Figure-3: ResNet-50 weights for training procedures A1, A2, and A3 on W&B
You can now use these weights simply by downloading these artifacts:
import wandb api = wandb.Api()artifact = api.artifact('amanarora/rsb/resnet_50_a1:v0')
This will download the model weights and now we can load these model weights using PyTorch and run evaluation on them! Therefore, by logging artifacts to W&B, it is now super easy for you (or anyone on your team) to download model weights.

Are the models trained using the three procedures any different?

Gradient-weighted Class Activation Mapping (Grad-CAM) serves as a great way for producing "visual explanations" for decisions from a large class of CNN-based models.
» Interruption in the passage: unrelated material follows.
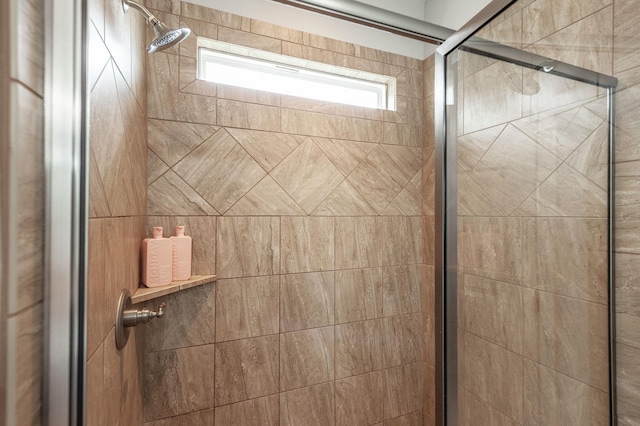 bathroom with a stall shower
In this section, we will use the model weights logged above to check if there are any differences between the models trained with these three training recipes.
Therefore, to see if there are any differences between the models trained using the three training procedures A1, A2, and A3, I decided to plot the Grad-CAM activations on a tiny ImageNette validation dataset in a W&B Table as shown below.
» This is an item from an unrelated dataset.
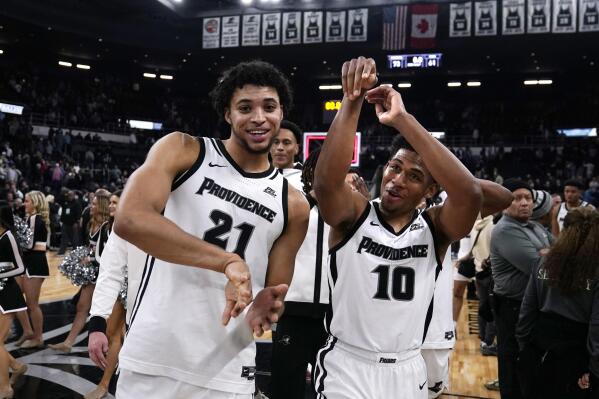 Providence guard Noah Locke (10) and forward Clifton Moore (21) celebrate the team's win over UConn in an NCAA college basketball game, Wednesday, Jan. 4, 2023, in Providence, R.I. Providence won 73-61. (AP Photo/Charles Krupa)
Are you able to spot the differences?
Generally, you will find the Grad-CAM for training procedures A1 & A2 is more focused. That is: models trained with these training procedures focus on the exact object inside the image based on the image category, whereas for A3, the Grad-CAMs are more spread out. This is because training procedures A1 & A2 have a higher number of epochs and are more accurate than A3.


As can be seen, integrating research with experiment tracking tools like Weights and Biases can be really beneficial! At every time, every training run (no matter how long in the past) is reproducible, all configs logged - this means you are always in control and everything is always in one place.
From logging training configs & model artifacts to Grad-CAMs using W&B Tables, there's a lot that this tool can do - and integrating it in your pipelines can only make things easier!